▶ SUPPLIED DATA

★ ★ ★ ★ ★

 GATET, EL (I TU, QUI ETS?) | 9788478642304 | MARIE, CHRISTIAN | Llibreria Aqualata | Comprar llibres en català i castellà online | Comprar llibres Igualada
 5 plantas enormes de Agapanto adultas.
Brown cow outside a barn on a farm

★ ★ ★ ★ ★

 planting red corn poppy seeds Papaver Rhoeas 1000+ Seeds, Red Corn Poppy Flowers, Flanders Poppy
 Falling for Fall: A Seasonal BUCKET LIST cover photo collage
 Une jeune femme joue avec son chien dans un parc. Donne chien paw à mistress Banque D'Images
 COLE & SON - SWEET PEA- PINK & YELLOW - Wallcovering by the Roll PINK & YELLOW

★ ★ ★ ★ ★

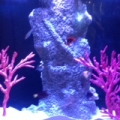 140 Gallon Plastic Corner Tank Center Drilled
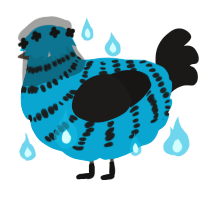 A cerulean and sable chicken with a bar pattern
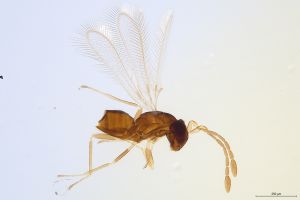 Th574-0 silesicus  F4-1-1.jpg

★ ★ ★ ★ ★

Please copy the lines above from the line with "GATET, EL (I" up to and including the line with "Brown cow outside a barn on a farm", exactly as written and with nothing else.

▶ ANSWER BOX
 GATET, EL (I TU, QUI ETS?) | 9788478642304 | MARIE, CHRISTIAN | Llibreria Aqualata | Comprar llibres en català i castellà online | Comprar llibres Igualada
 5 plantas enormes de Agapanto adultas.
Brown cow outside a barn on a farm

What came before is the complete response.